I also would add doing things that generally increase Mona's centripetal attraction for you (i.e. the make yourself interesting to look at idea that Desiree referred to). In another thread poolann suggested just holding treats in your hand and having the dog work through what you want by just standing there. Only give the treat and tons of praise when she makes eye contact. I also mark spontaneous offers of eye contact while out on walks. You can also drape something like a tug toy over your left shoulder when you have her on leash. She will look up towards the toy and you can praise the eye contact and periodically play tug with her. I will put extra special treats on the floor with my dogs on a down stay. They don't get released to take the treats until they look at me. Generally you don't want the attention to depend on the treats. When things happen that end up with an escapee running like mad you still need the attention without the treats.


----------



## Bellesdad0417 (May 18, 2014)

While i think a good recall would be helpful here I see the problem differently. This is a manors issue, you need to take back control of the door, "You control the door, it is yours and you grant access of either in or out when the dog behaves correctly".

Back to training I would never think of opening a door unless she was on a leash, make her sit to have it put on and sit while you open the door. She should not be the first one through. While I admit I'm not always consistent about it Finn does not enter or exit a door without sitting and he sits to have his leash removed and put on. 

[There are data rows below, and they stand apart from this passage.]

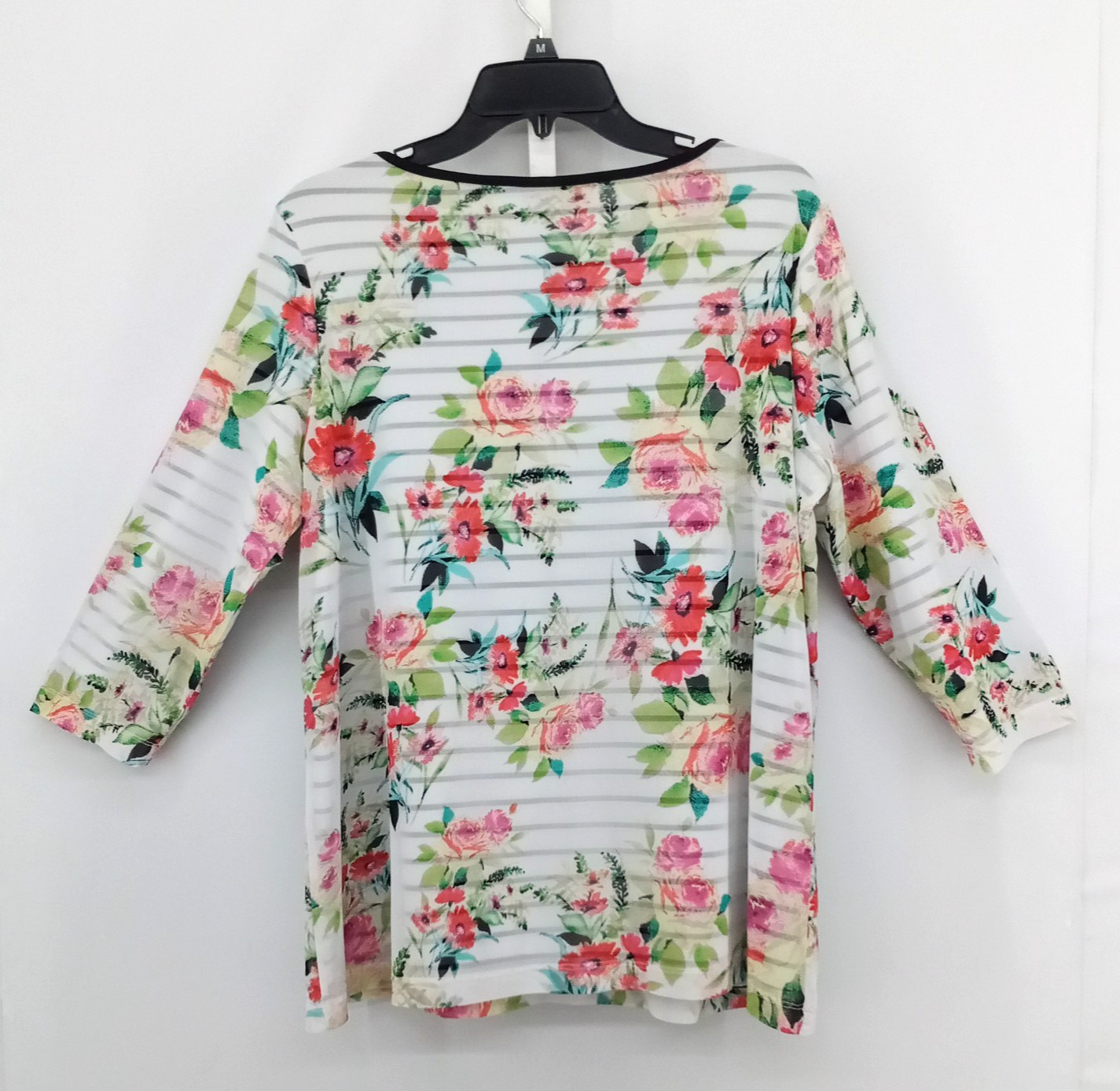 Nue Options Blouse Women Size PL White Floral Sheer Top Lined Shirt 3/4 Sleeve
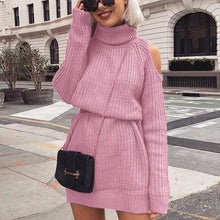 Load image into Gallery viewer, Knitting Sweater Dress Ladies Turtleneck Sexy Off Shoulder Autumn Winter Dress Women Pullover Slim Warm Jumper Dresses 2019 D30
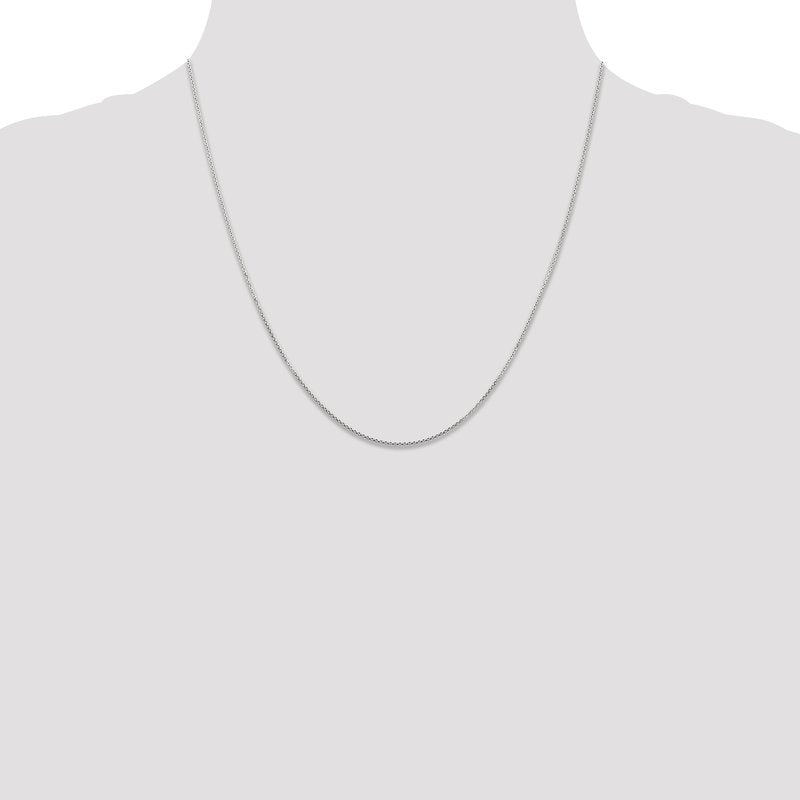 14K White Gold 26 inch .8mm Diamond-cut Round Open Link Cable with Lobster Clasp Chain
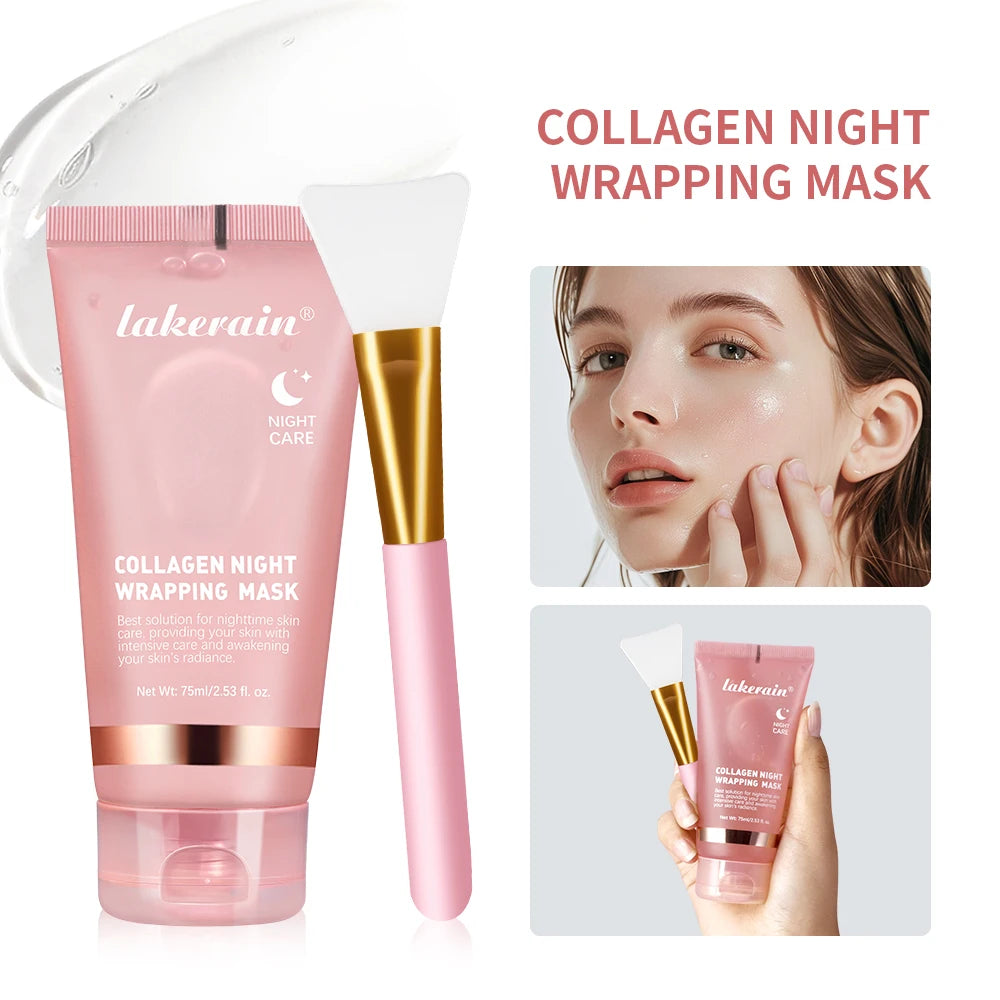 Crème Gelée Coréenne au Collagène – Masque Facial de Nuit Hydratant, Raffermissant et Peel-Off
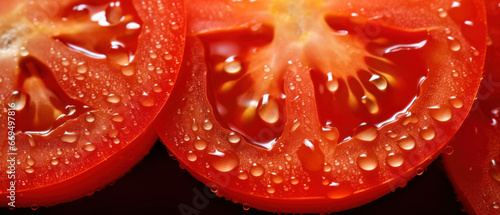 A striking macro capture of a sliced tomato's. © smth.design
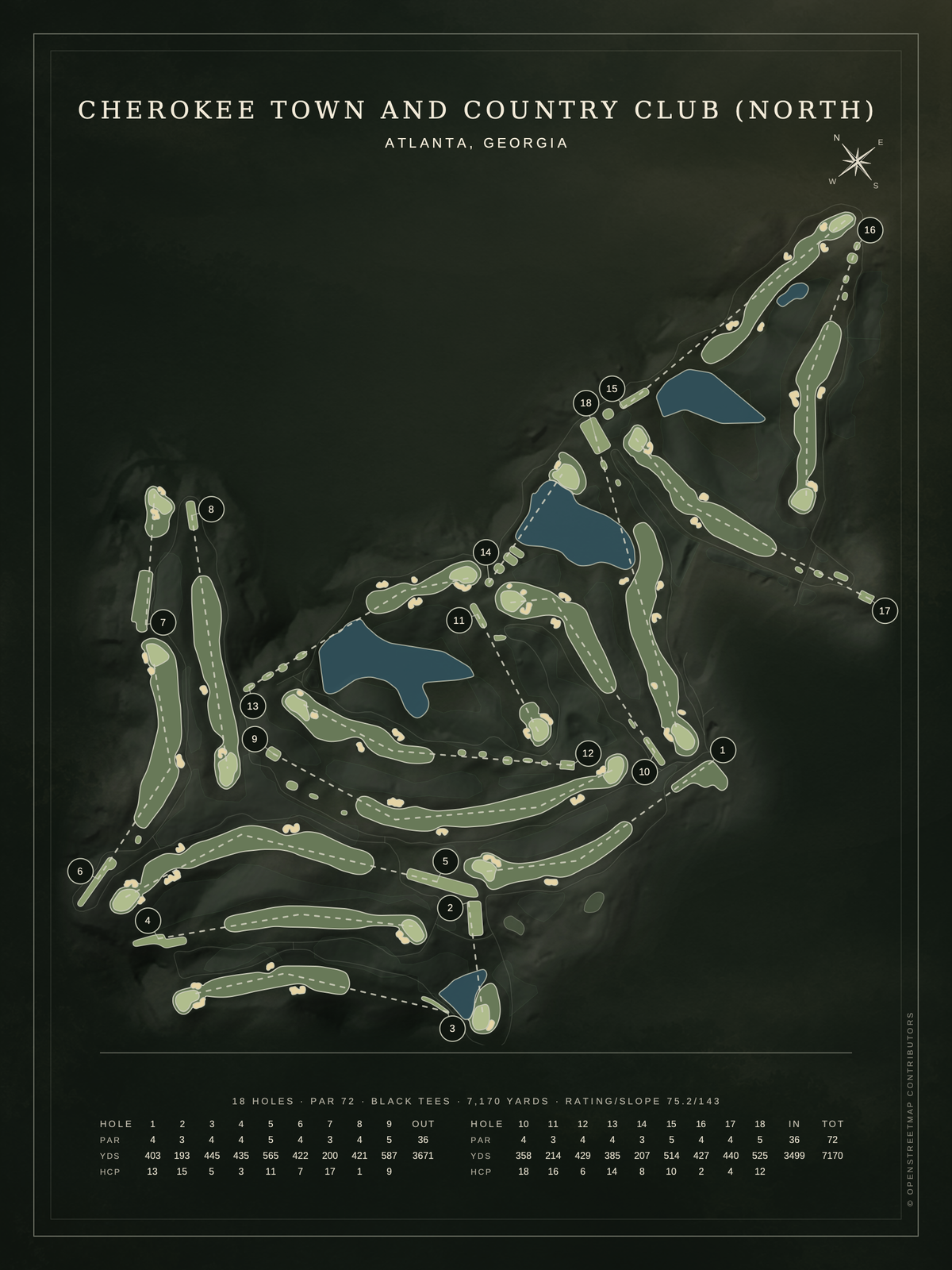 Cherokee Town and Country Club (North) course map poster, Architectural style, 12×16 / 18×24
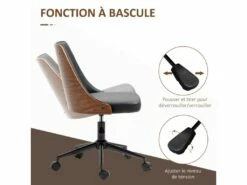 Chaise De Bureau Design Vintage Bois SARAH Noire -DECO Ventes siege de bureau 19174133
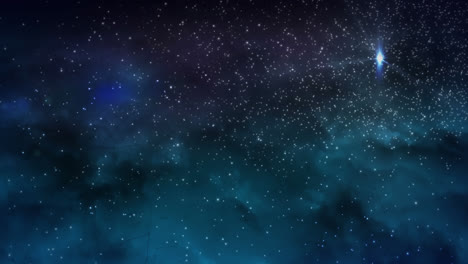 Animation-of-shooting-star,-glowing-spots-and-particles-over-clouds-background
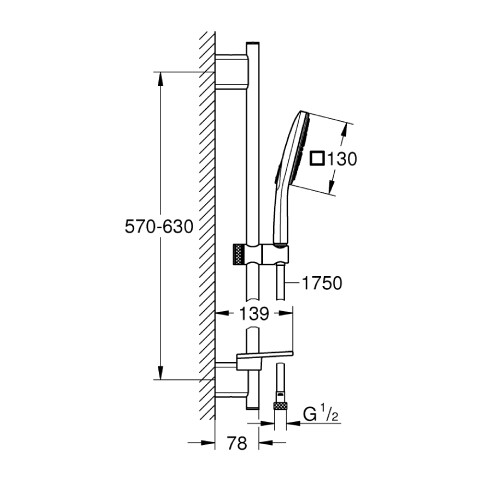 GROHE Rainshower SmartActive 130 Cube Sürgülü Duş Seti Ay Beyazı - 4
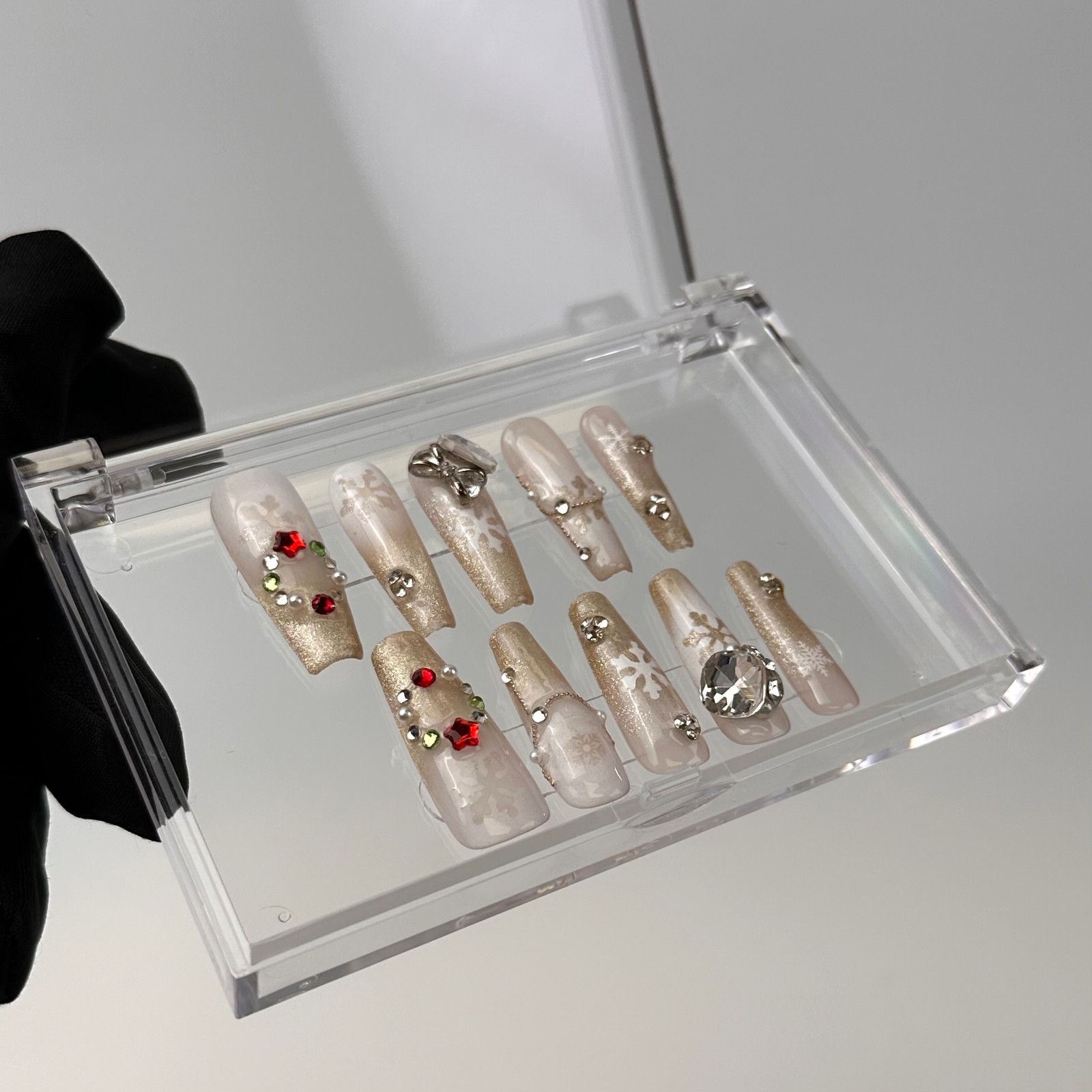 Christmas Glitter Press On Nails Long Coffin Gold Snowflake Rhinestone Set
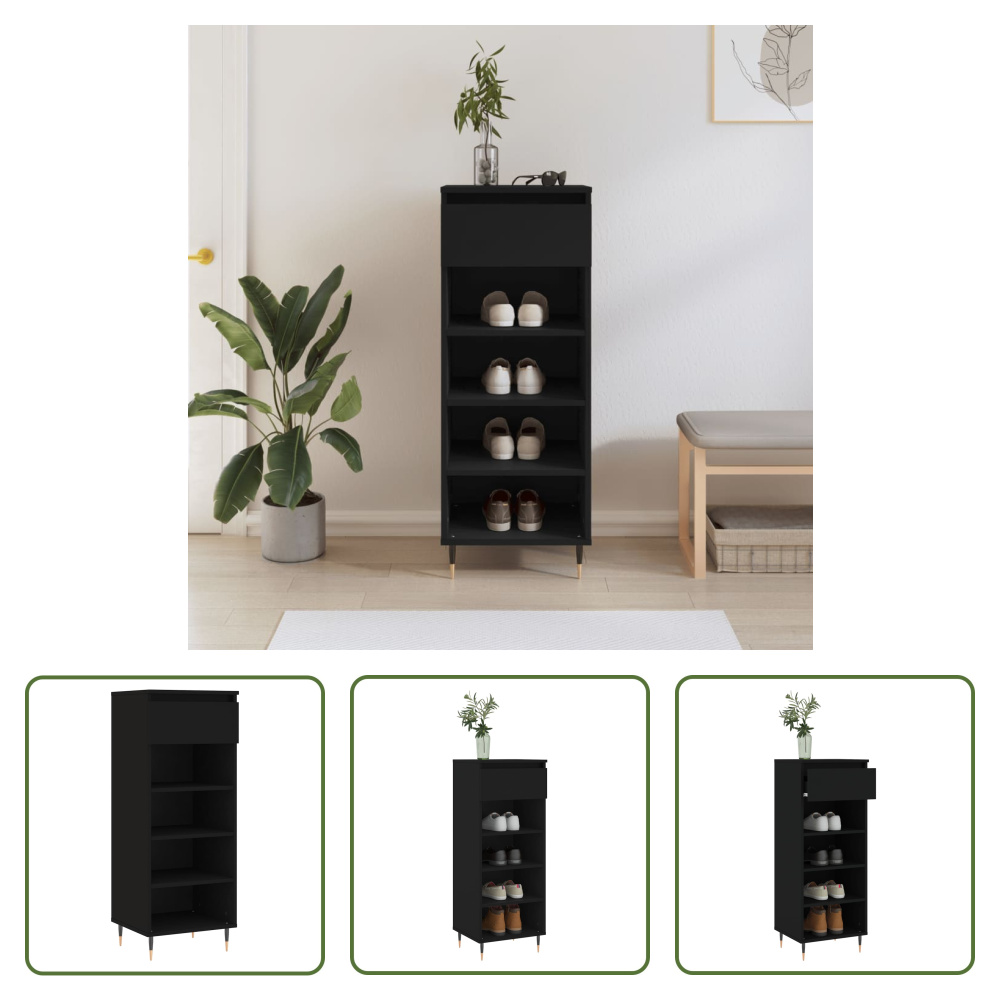 The Living Store Szafka na buty czarna 40x36x105 cm materiał drewnopochodny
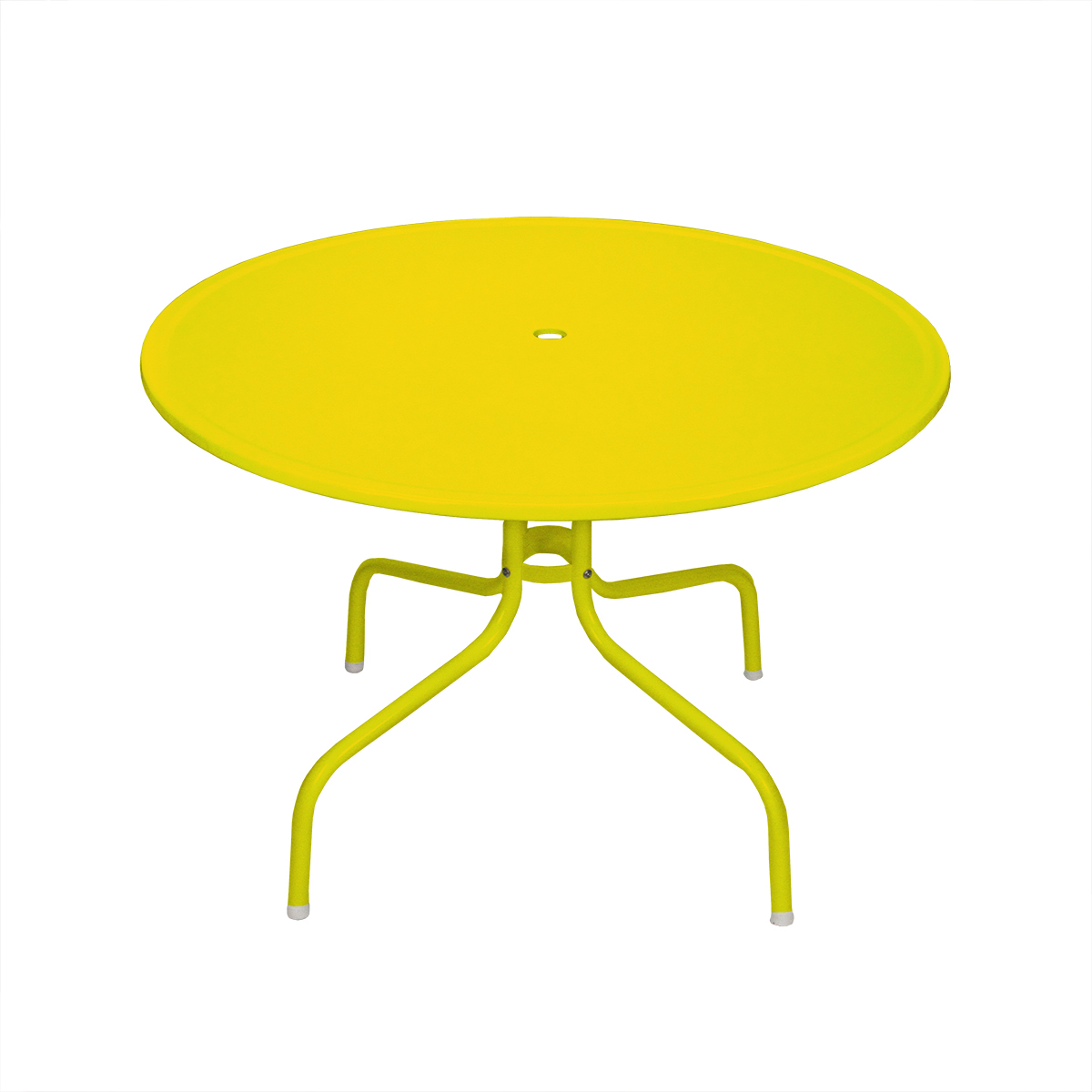 34219541 39.25 In. Outdoor Retro Metal Tulip Side Table, Yellow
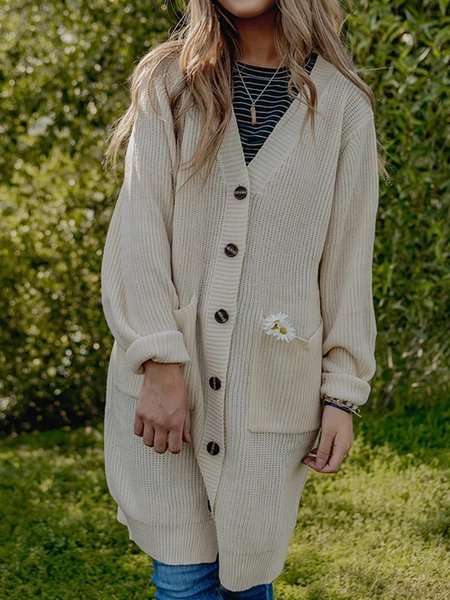 

V Neck Casual Outerwear, Apricot, Outerwear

And yes any advice that others are giving about more exercise or mental stimulation is always something that should be followed.

Thanks just my .02


----------



## lily cd re (Jul 23, 2012)

Bellesdad0417 said:


> While i think a good recall would be helpful here I see the problem differently. This is a manors issue, you need to take back control of the door, "You control the door, it is yours and you grant access of either in or out when the dog behaves correctly".
> 
> Back to training I would never think of opening a door unless she was on a leash, make her sit to have it put on and sit while you open the door. She should not be the first one through. While I admit I'm not always consistent about it Finn does not enter or exit a door without sitting and he sits to have his leash removed and put on.
> 
> ...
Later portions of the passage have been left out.